Directions for this task:
Omitting all pictures, print the lines of the listing from the one containing "FASHIUM Printed Men" through the final line, both ends included, with no other text.

Data for this exercise:
▬▬▬▬▬▬▬▬▬▬

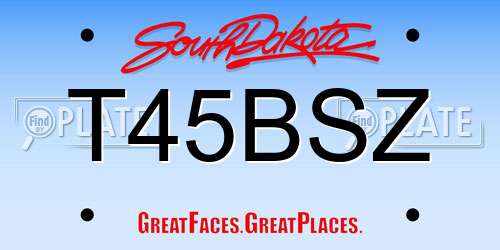 T45BSZ South Dakota License Plate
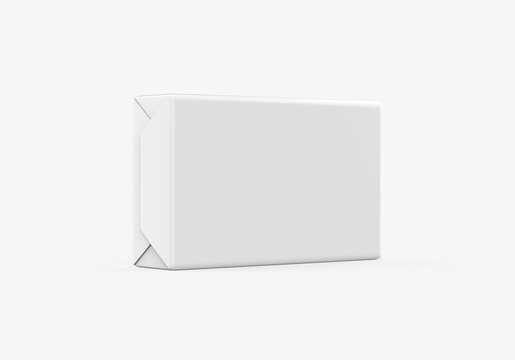 Soap And Butter Block Wrap Box Mockup On Isolated White Background, Packaging Product Package For Design Presentation, 3d Illustration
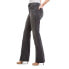 Фото #2 товара Jordache Women's 30" High Rise Flare Jeans 6 Black 100% Cotton Pull-On Pockets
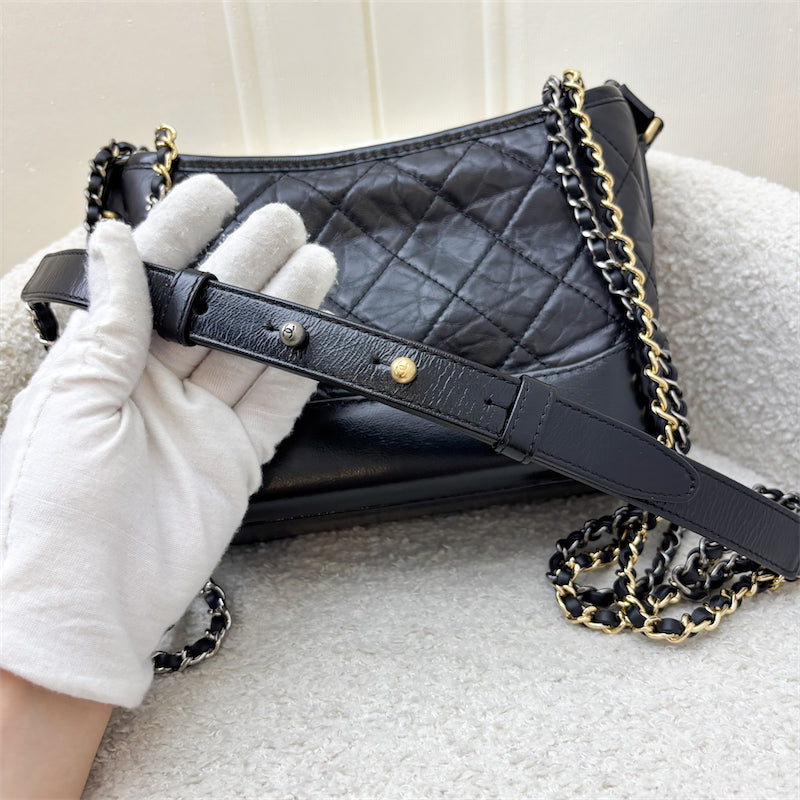 GLM-Small Gabrielle Hobo in Black Distressed Calfskin and 3 tone Hardware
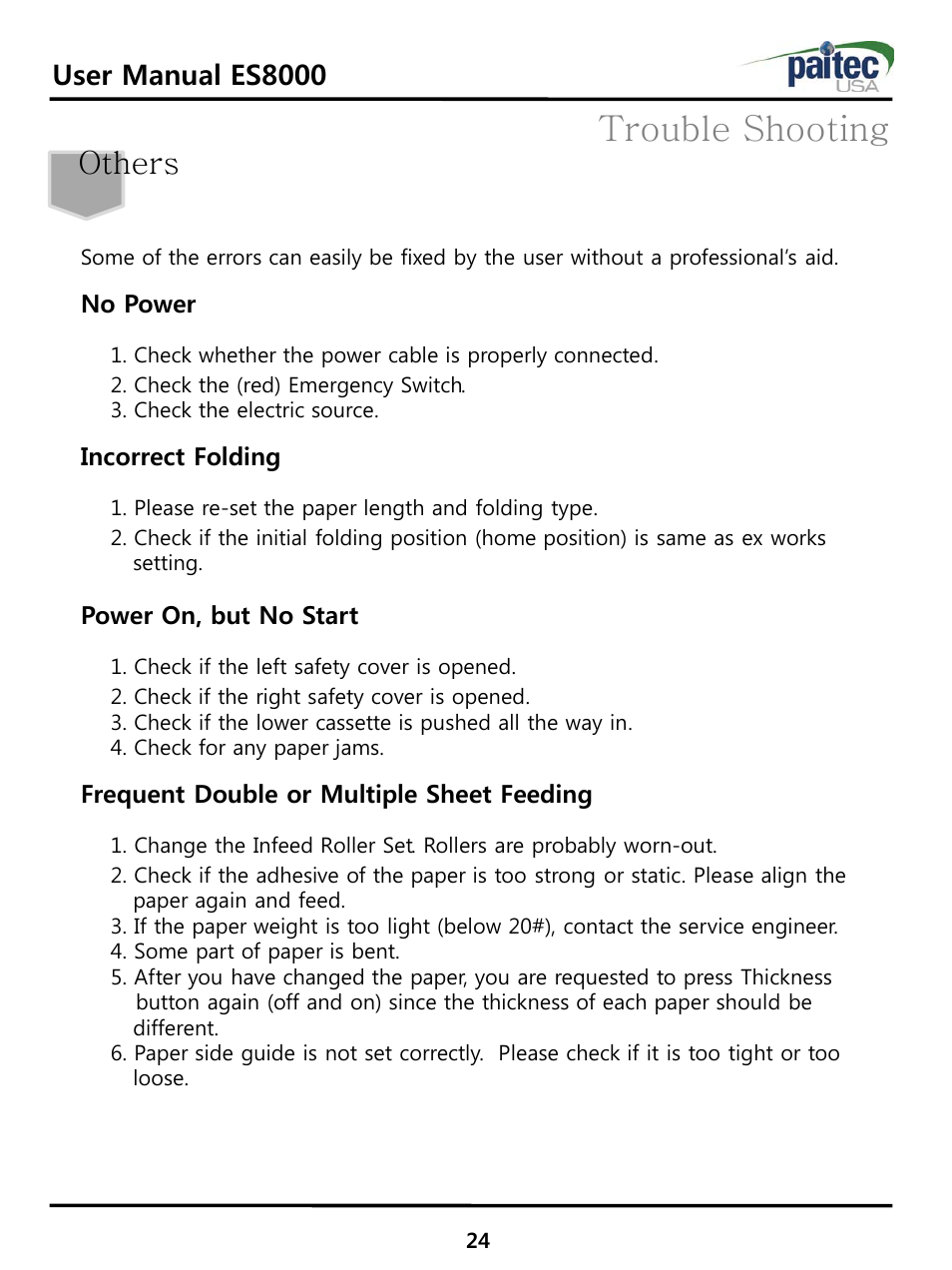 Trouble shooting, Others, User manual es8000 | No power, Incorrect folding, Power on, but no start, Frequent double or multiple sheet feeding | MBM Corporation ES 8000 User Manual | Page 25 / 32
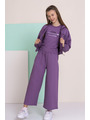 Костюм спортивный для девочки: толстовка, топ и брюки, цвет: фиолетовый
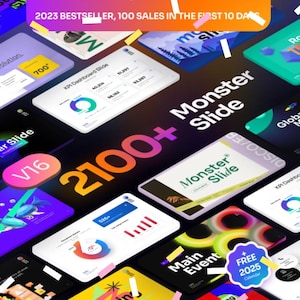 Peut inclure: Une image dynamique avec plusieurs diapositives de présentation numérique. Les diapositives présentent des visualisations de données, des graphiques et du texte, avec les mots "Monster Slide" et "2100+" en évidence. L'image comprend également le texte "2023 Bestseller, 100 Sales in the First 10 Days."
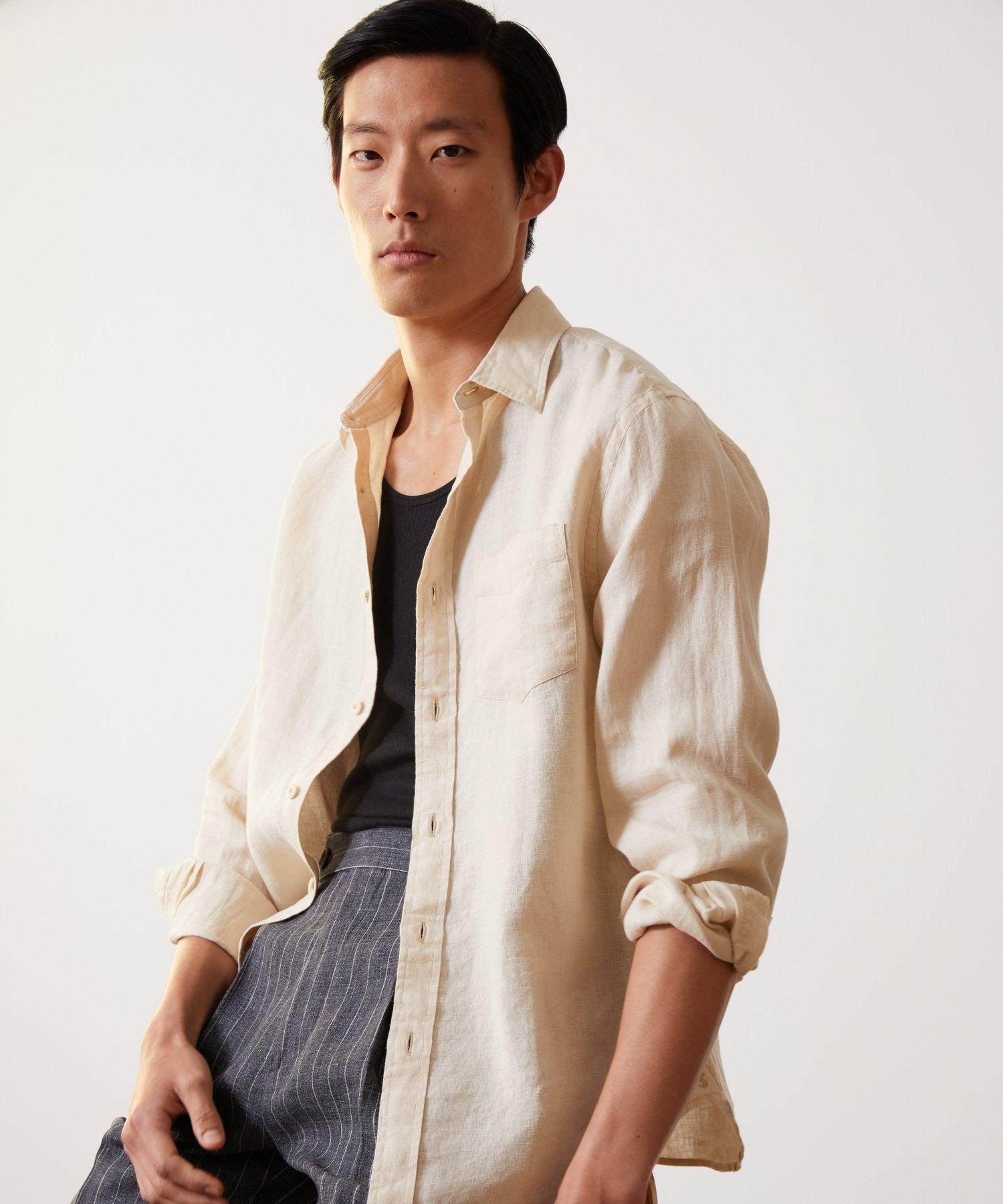 Sea Soft Irish Linen Point Collar Shirt Product Image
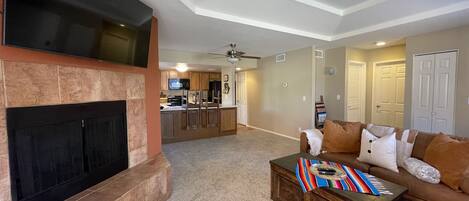 Smart TV, fireplace, table football, computer monitors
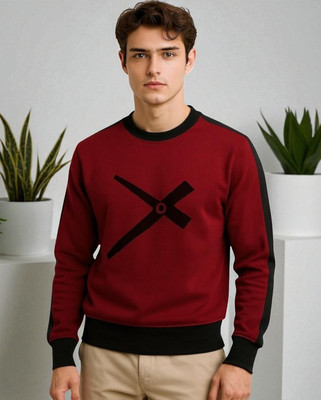 FASHIUM Printed Men Round Neck Maroon T-Shirt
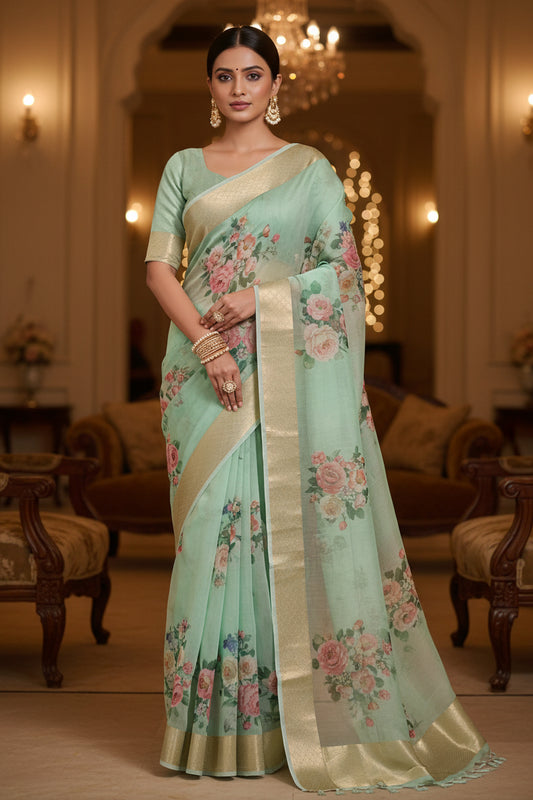 Pastel Green Floral Organza Silk Saree
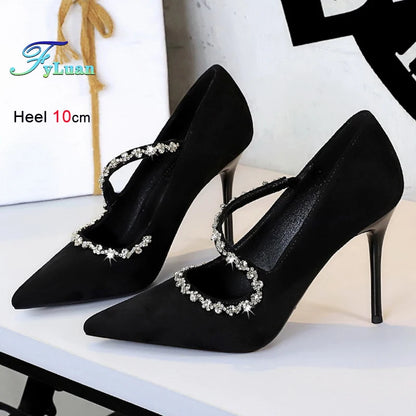 Gorgeous Women's Pumps Rhinestone Chain - free worldwide shipping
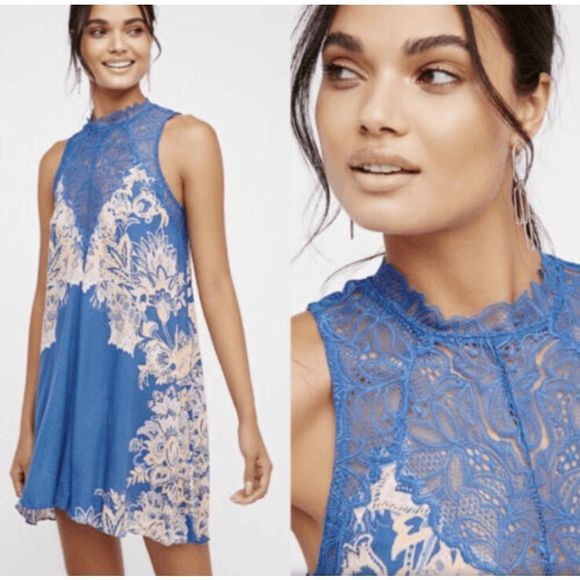 Free People Marsha Floral Printed Slip Blue Lace Dress Size Medium, MSRP $88 - Picture 1 of 12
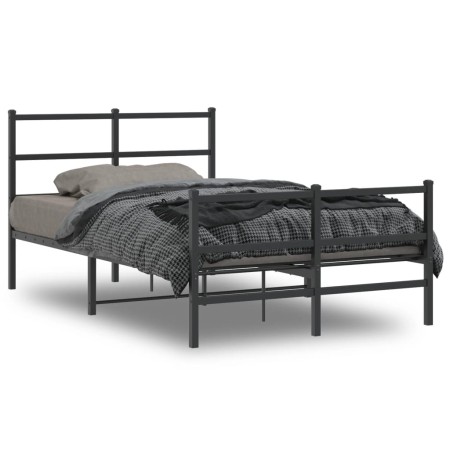 Estructura de cama con cabecero y estribo metal negro 120x190cm de , Camas y somieres - Ref: Foro24-355380, Precio: 84,20 €, ...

▬▬▬▬▬▬▬▬▬▬

Output of the exercise:
 FASHIUM Printed Men Round Neck Maroon T-Shirt
 Pastel Green Floral Organza Silk Saree
 Gorgeous Women's Pumps Rhinestone Chain - free worldwide shipping
 Free People Marsha Floral Printed Slip Blue Lace Dress Size Medium, MSRP $88 - Picture 1 of 12
 Estructura de cama con cabecero y estribo metal negro 120x190cm de , Camas y somieres - Ref: Foro24-355380, Precio: 84,20 €, ...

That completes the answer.